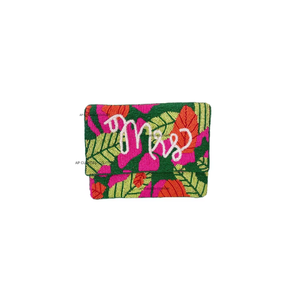Pochette d'inspiration plage unique pour femmes fabriquée à la main sac à perles multicolores thème créatures marines accessoires de mode en vrac en gros - Product Image 1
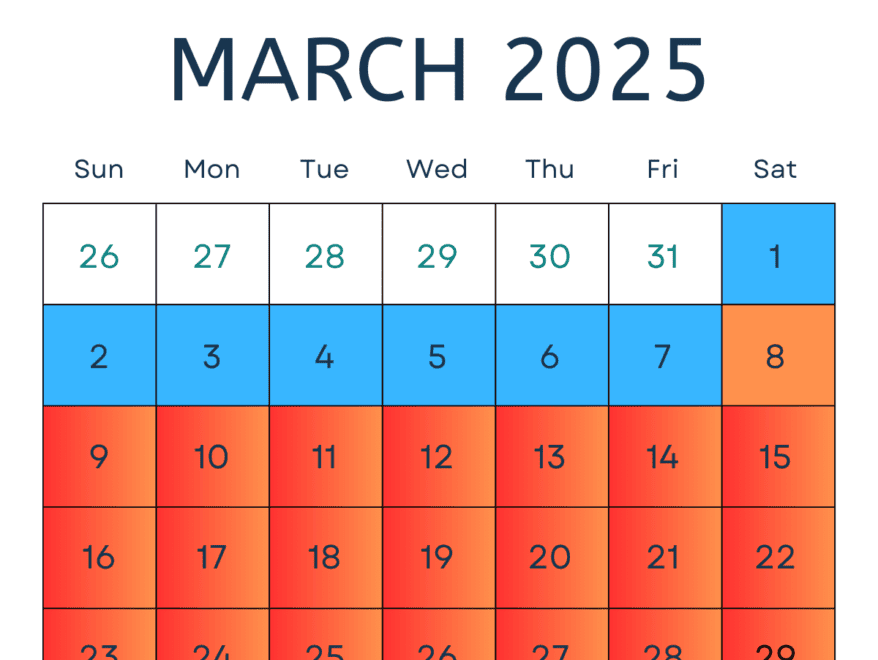 Disney World Crowd Calendar 2025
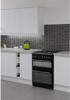 Smeg SUK62MBL8 60cm Slot-In “CONCERT" Freestanding Dual Fuel Cooker Black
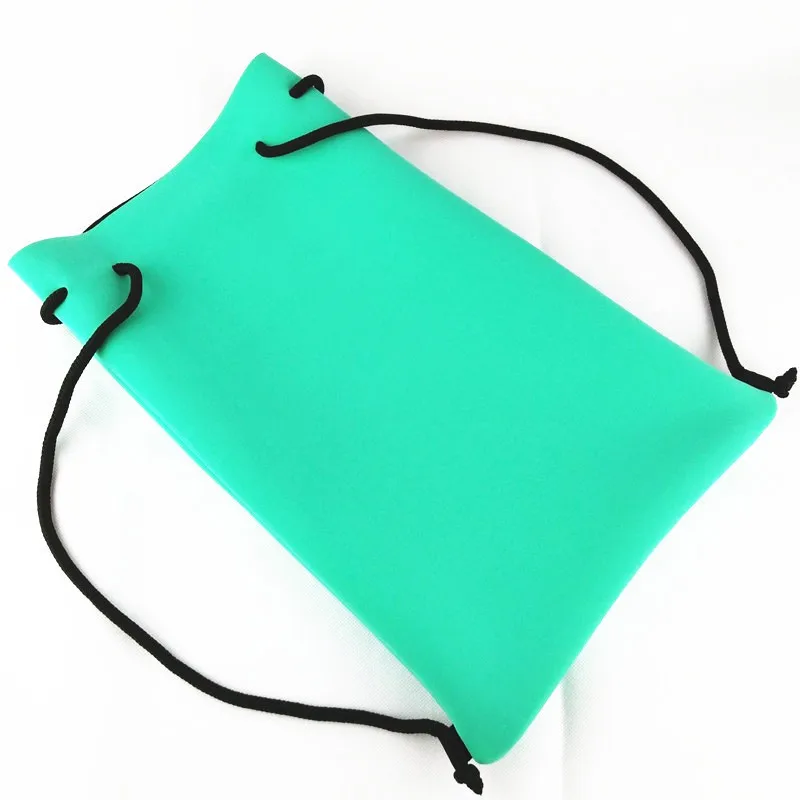 New product 2019  strong waterproof  neoprene drawstring sling cinch backpack bag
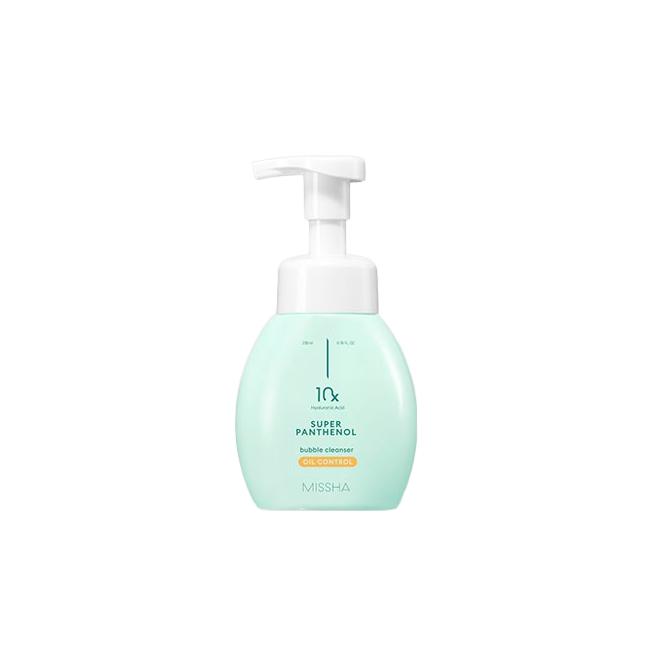 MISSHA Super Panthenol Bubble Cleanser 200ml (Moisture / Sensitive / Oil Control) (10 Options) # Oil Control x 1pcs
MISSHA Super Panthenol Bubble Cleanser 200ml (Moisture / Sensitive / Oil Control) (10 Options) # Oil Control x 1pcs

◆ ◆ ◆ ◆

**Work required**. Give back the data exactly, with no images.

**Reply to the exercise**.
Pochette d'inspiration plage unique pour femmes fabriquée à la main sac à perles multicolores thème créatures marines accessoires de mode en vrac en gros - Product Image 1
 Disney World Crowd Calendar 2025
 Smeg SUK62MBL8 60cm Slot-In “CONCERT" Freestanding Dual Fuel Cooker Black
 New product 2019  strong waterproof  neoprene drawstring sling cinch backpack bag
 MISSHA Super Panthenol Bubble Cleanser 200ml (Moisture / Sensitive / Oil Control) (10 Options) # Oil Control x 1pcs
MISSHA Super Panthenol Bubble Cleanser 200ml (Moisture / Sensitive / Oil Control) (10 Options) # Oil Control x 1pcs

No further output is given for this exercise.